**ASSIGNMENT:** For the records that follow, please set down exactly the lines between the one holding "Normal is a" and the one holding "Food Lion Poppi Prebiotic Soda offer", inclusive, and only those.

**Crawled caption data:**

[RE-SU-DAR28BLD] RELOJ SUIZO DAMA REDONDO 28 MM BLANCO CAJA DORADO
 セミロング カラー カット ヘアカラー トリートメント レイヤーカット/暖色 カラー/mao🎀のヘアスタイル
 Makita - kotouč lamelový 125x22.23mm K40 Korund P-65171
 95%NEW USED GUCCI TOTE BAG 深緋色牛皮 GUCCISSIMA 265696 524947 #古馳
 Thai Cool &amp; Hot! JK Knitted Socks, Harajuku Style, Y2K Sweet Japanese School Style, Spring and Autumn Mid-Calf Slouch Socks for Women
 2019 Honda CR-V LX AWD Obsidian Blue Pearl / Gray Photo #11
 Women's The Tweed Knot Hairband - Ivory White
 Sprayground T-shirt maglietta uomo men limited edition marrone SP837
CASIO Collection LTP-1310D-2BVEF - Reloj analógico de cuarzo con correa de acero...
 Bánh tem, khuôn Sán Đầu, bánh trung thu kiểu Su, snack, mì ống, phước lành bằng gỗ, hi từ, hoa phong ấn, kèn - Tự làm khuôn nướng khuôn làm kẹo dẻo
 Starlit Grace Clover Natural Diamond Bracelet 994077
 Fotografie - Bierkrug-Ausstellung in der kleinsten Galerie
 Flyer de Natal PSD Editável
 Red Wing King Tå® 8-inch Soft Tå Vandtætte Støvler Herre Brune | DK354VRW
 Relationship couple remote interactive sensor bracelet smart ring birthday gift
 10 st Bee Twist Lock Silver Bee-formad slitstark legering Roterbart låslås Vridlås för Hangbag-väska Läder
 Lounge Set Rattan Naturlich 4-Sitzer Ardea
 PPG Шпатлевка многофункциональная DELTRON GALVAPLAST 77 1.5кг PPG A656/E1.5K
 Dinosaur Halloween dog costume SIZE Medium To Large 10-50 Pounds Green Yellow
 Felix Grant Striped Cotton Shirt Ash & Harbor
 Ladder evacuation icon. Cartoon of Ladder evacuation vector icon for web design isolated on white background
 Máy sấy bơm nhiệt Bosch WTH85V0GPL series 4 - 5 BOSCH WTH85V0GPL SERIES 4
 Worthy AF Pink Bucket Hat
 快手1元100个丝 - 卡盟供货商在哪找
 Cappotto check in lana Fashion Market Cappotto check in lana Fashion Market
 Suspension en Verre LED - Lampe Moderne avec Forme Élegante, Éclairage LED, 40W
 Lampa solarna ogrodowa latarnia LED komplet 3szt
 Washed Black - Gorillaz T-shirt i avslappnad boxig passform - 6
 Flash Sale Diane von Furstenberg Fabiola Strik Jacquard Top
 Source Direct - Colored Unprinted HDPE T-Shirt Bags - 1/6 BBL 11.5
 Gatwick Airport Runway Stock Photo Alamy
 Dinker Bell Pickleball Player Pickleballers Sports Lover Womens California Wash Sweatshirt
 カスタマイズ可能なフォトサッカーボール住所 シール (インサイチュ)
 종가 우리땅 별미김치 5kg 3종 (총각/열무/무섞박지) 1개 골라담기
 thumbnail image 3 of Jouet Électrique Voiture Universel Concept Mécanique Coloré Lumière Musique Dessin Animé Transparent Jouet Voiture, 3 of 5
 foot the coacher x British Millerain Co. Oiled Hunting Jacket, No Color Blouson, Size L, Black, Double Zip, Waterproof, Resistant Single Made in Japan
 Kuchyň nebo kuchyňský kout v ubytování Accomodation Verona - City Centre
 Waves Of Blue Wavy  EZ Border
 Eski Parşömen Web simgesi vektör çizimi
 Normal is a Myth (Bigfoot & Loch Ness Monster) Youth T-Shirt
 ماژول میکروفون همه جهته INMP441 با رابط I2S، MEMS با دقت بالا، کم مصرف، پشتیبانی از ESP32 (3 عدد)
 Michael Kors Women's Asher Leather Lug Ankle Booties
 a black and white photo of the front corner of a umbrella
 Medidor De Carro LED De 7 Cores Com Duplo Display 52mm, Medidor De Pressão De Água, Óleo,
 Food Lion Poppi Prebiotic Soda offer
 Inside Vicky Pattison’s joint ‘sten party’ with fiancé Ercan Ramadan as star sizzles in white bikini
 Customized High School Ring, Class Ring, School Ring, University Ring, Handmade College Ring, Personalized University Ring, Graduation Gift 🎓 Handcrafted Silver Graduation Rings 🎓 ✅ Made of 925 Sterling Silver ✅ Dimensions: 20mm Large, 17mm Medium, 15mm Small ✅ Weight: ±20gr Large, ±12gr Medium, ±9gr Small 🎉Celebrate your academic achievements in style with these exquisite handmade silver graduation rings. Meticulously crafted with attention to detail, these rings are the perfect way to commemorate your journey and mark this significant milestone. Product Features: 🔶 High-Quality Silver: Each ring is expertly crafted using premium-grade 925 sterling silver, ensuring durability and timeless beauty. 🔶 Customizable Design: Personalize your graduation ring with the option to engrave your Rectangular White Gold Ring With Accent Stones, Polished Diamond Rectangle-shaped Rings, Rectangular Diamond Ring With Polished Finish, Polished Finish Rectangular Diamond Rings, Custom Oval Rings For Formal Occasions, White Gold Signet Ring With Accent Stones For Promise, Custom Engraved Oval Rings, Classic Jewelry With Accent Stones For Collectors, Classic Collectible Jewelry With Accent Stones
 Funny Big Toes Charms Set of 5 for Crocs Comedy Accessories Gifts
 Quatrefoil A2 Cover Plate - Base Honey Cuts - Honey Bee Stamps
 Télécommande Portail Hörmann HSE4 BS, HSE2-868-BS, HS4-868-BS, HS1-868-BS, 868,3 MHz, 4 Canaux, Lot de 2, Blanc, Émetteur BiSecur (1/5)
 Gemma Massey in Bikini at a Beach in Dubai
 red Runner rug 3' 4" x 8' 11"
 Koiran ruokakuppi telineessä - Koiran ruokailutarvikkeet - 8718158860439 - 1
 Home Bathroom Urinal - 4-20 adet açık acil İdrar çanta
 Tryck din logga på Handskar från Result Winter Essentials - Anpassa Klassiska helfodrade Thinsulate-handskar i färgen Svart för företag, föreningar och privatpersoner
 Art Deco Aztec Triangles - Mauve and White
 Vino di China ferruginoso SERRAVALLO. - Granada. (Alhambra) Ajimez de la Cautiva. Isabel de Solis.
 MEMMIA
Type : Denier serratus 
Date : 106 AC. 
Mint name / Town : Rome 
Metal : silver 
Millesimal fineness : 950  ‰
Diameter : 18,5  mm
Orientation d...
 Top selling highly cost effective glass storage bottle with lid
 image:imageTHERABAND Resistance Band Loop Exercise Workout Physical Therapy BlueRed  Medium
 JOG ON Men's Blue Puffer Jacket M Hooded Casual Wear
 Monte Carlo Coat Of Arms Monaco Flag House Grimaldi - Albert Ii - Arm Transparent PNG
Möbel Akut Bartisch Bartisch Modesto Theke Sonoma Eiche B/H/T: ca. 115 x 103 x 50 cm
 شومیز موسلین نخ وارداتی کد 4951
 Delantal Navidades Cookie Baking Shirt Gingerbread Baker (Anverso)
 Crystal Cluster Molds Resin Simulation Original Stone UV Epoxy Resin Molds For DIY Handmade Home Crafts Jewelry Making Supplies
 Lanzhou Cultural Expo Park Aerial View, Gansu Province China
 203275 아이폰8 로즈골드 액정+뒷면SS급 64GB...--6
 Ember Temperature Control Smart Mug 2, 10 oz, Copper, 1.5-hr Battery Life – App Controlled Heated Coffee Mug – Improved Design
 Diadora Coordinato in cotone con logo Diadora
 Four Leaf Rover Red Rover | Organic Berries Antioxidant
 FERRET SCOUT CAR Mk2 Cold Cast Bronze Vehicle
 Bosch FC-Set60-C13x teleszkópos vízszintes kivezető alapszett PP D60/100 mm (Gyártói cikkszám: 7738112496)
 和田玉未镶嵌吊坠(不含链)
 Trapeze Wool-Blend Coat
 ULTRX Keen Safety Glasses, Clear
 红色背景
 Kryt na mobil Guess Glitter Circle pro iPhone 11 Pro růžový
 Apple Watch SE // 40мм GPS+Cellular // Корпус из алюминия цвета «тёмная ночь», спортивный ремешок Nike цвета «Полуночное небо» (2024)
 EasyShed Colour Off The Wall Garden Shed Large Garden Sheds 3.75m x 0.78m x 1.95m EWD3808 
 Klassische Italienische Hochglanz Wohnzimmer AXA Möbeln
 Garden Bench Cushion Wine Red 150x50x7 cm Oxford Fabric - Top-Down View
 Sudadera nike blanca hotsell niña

**SOLVED PROBLEM:**
 Normal is a Myth (Bigfoot & Loch Ness Monster) Youth T-Shirt
 ماژول میکروفون همه جهته INMP441 با رابط I2S، MEMS با دقت بالا، کم مصرف، پشتیبانی از ESP32 (3 عدد)
 Michael Kors Women's Asher Leather Lug Ankle Booties
 a black and white photo of the front corner of a umbrella
 Medidor De Carro LED De 7 Cores Com Duplo Display 52mm, Medidor De Pressão De Água, Óleo,
 Food Lion Poppi Prebiotic Soda offer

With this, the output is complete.